= EXERCISE =
Please copy, word for word, the line holding "a cartoon man watering his money tree" and each line that follows it through the end of the entries, omitting any pictures.

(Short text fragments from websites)
◆ ◆ ◆ ◆ ◆ ◆ ◆

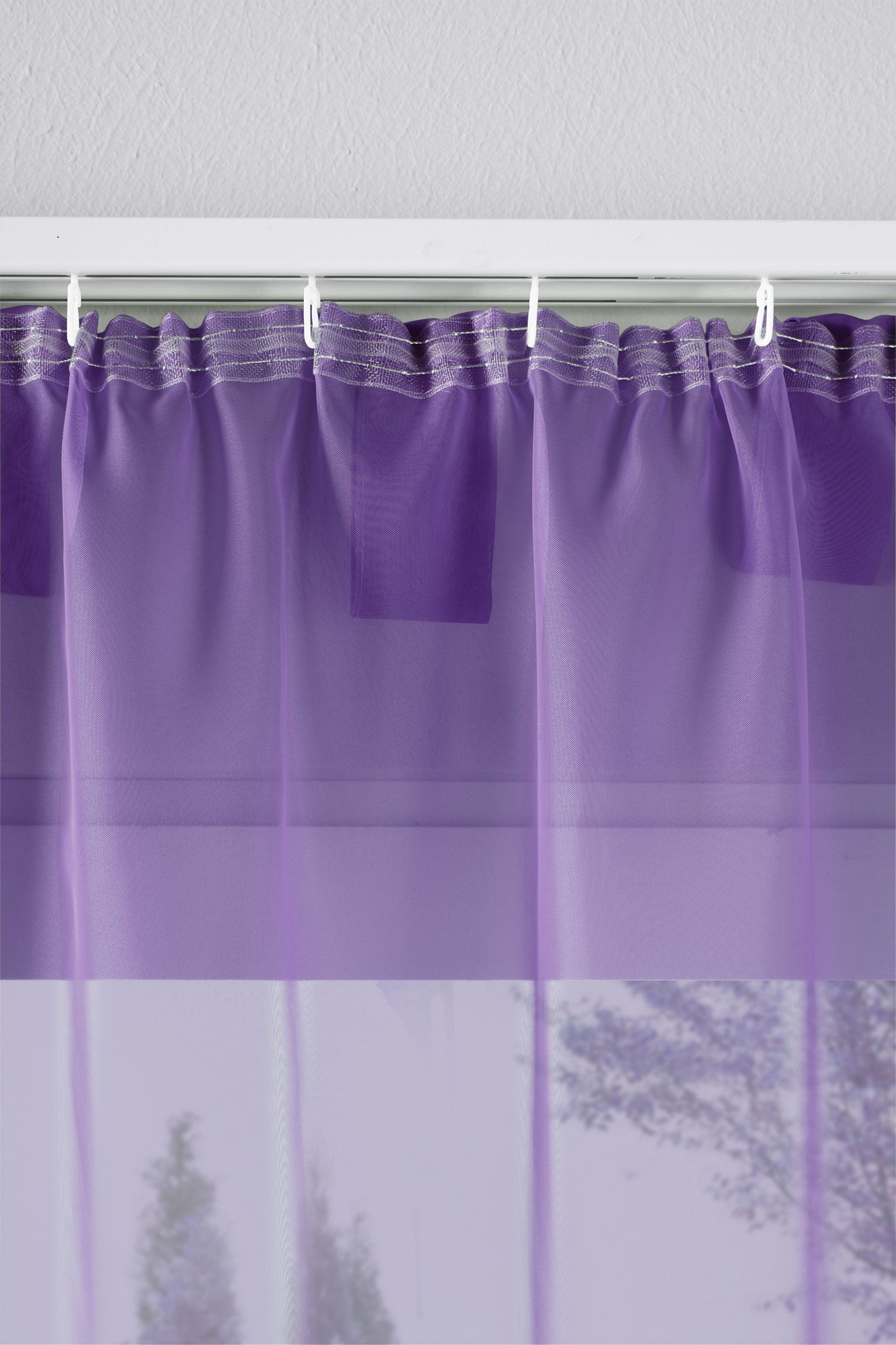 2er-Pack Gardinen Transparent Vorhang Set Wohnzimmer Voile Schlaufenschal mit Bleibandabschluß 61000CN Gardinen Set 61175_schiene_lila | Gardinenbox.de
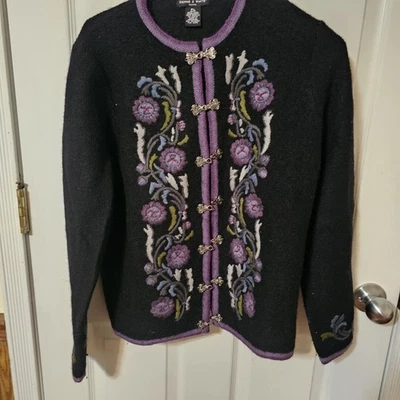 VTG Deane & White 100% Wool Embroidered Cardigan Sweater Petite L Cottage Core - Изображение 1 из 4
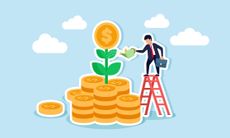 a cartoon man watering his money tree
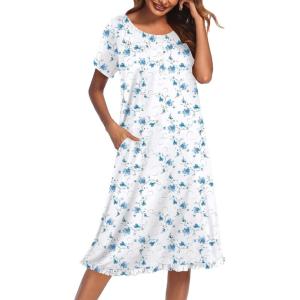 Ekouaer Nightgowns for Women with Pockets Button Front Short Sleeve House Dresses Floral Print Mumu Dress(Blue Floral)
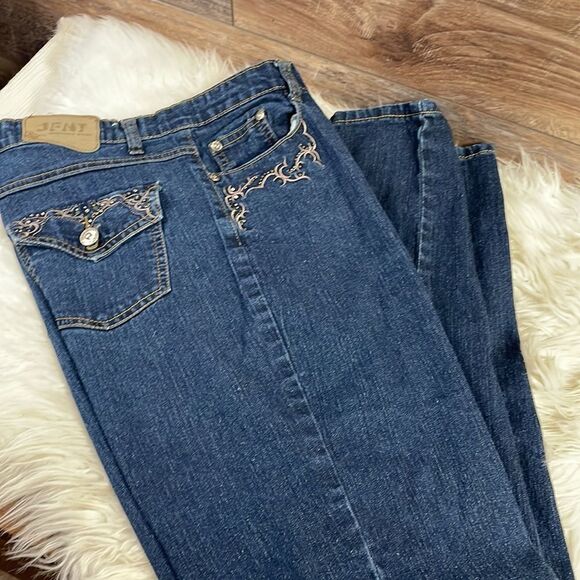 JEANS FOR NEW TIME Embroidered Embellished Jeans Ladies Size 10 Blue - Picture 11 of 11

◆ ◆ ◆ ◆ ◆ ◆ ◆

= RESULT OF THIS EXERCISE =
 a cartoon man watering his money tree
 Ekouaer Nightgowns for Women with Pockets Button Front Short Sleeve House Dresses Floral Print Mumu Dress(Blue Floral)
 JEANS FOR NEW TIME Embroidered Embellished Jeans Ladies Size 10 Blue - Picture 11 of 11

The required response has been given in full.